WHAT YOU WILL DO:
Output all entries verbatim, dropping pictures.

***** RECORDS FOR THIS TASK *****

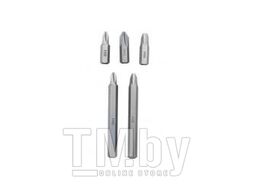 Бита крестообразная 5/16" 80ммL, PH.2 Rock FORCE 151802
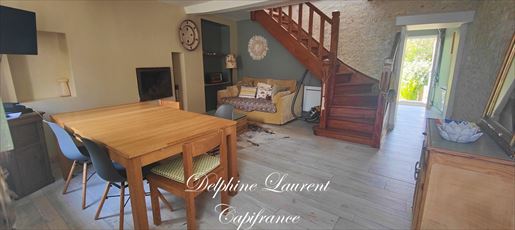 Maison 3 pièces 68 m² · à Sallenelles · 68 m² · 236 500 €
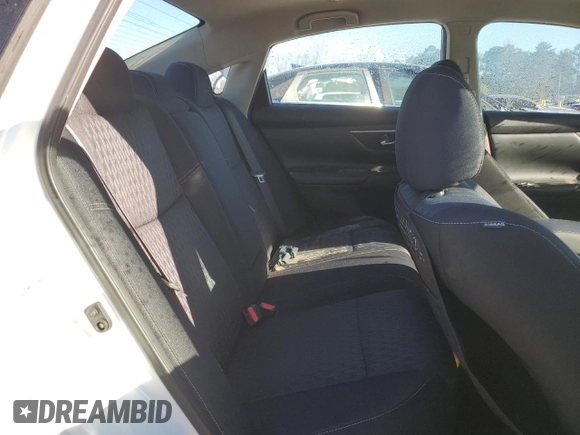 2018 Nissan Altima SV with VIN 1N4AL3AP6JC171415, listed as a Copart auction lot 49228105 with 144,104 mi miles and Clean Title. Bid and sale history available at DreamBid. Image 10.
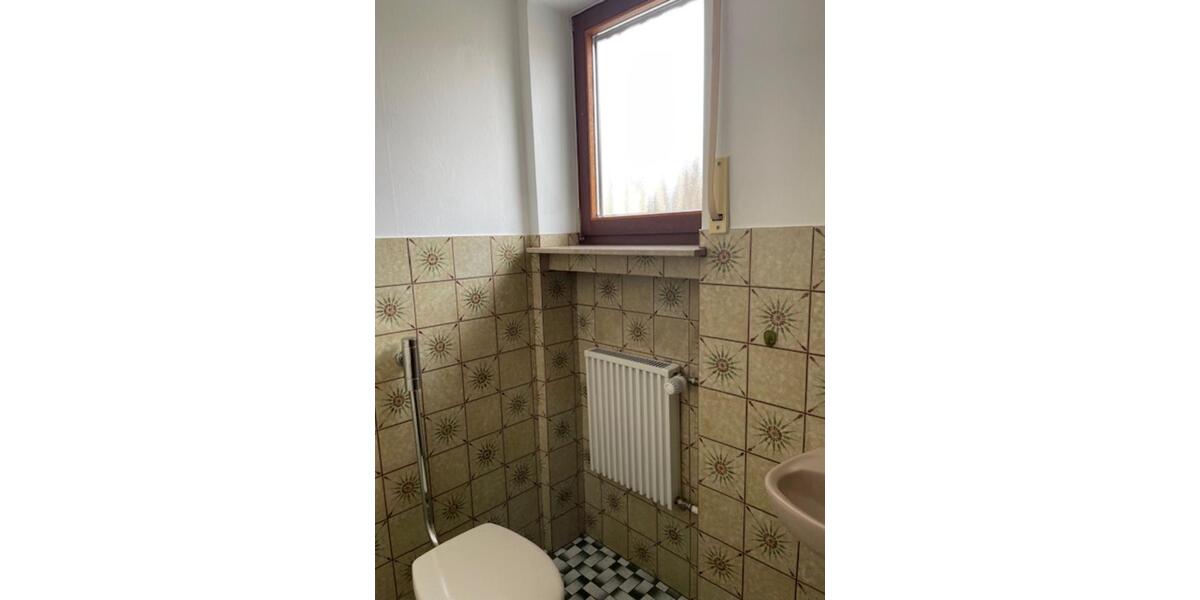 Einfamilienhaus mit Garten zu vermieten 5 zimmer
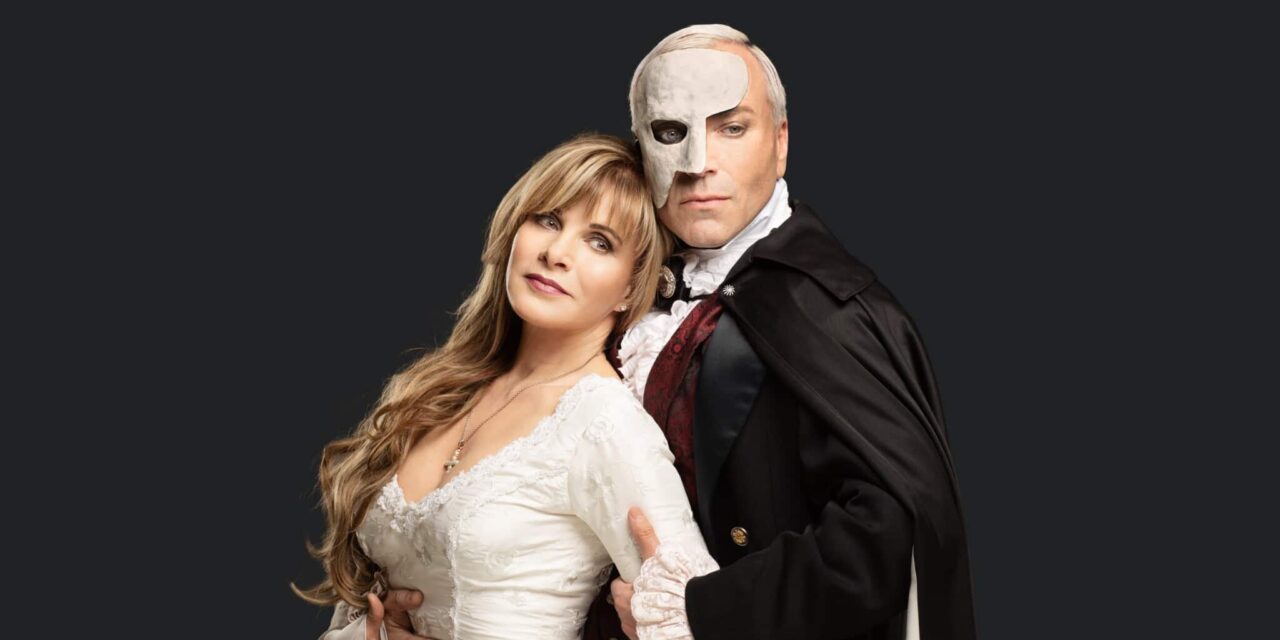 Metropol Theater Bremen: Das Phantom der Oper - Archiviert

*****

ANSWER:
 Бита крестообразная 5/16" 80ммL, PH.2 Rock FORCE 151802
 Maison 3 pièces 68 m² · à Sallenelles · 68 m² · 236 500 €
 2018 Nissan Altima SV with VIN 1N4AL3AP6JC171415, listed as a Copart auction lot 49228105 with 144,104 mi miles and Clean Title. Bid and sale history available at DreamBid. Image 10.
 Einfamilienhaus mit Garten zu vermieten 5 zimmer
 Metropol Theater Bremen: Das Phantom der Oper - Archiviert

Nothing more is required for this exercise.